It doesn't take someone with a degree in Rugby Union to know that one of the most anticipated matches on the sport's calendar is that of England versus Wales.
Every year, at the Six Nations tournament, the meeting of the two teams always sparks a fiery clash between the old rivals and, with temperaments running sky-high, clashes usually punctuate the annual 80-minute fixture. This year, however, during England's fourth match in the 2020 Six Nations tournament, something entirely different happened: England prop Joe Marler was shown grabbing the genitals of Wales captain Alun Wyn Jones.
Bizarrely, Harlequins' Marler — who would later call the media noise surrounding his act "...Complete bollocks" on Twitter — wasn't caught by the referee. Now facing a potential ban for his actions, the footage of Marler is damning and, as the current climate would dictate, has led to furore, with everyone from Piers Morgan ("I think the whole thing was funny!") to Gareth Thomas (“It would never have happened during my day") weighing in.
Currently, the low-end entry point for twisting, grabbing or squeezing another player's genitals in World Rugby laws is a 12-week ban. A mid-range entry point is 18 weeks and the maximum currently sits at 208 weeks.
Speaking after the match, Wales captain Jones said of the incident: "I’ve got 138 Tests for my country. If I react, I get a red card. It’s tough, isn’t it?
"Hopefully World Rugby have a look at it. Joe’s a good bloke, lots of things happen on a rugby field... It’s difficult as a captain these days because you can’t speak to a ref about anything, it feels."
That said, the incident has sparked debate about how seriously it should be taken, with parallels being drawn between Marler and Vinnie Jones, who grabbed a then-young Paul Gascoigne's penis during a match between Newcastle United and Wimbledon.
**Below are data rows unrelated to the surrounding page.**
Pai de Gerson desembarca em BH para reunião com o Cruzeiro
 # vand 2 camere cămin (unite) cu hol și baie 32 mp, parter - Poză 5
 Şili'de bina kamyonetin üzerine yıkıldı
Despite this, the pair have since become 'good friends' and speak about the incident in a jovial attitude.
Which brings about the question — are acts like Marler's and Jones' part of sports fiery heart, where testosterone and egos are never far, or is it an outdated and garish part of competition that needs to be nixed ASAP?
Currently, the jury's out on it and, whichever camp you're in, we're likely to see far more incidents that are similar to that of Joe Marler and Vinny Jones in professional sport.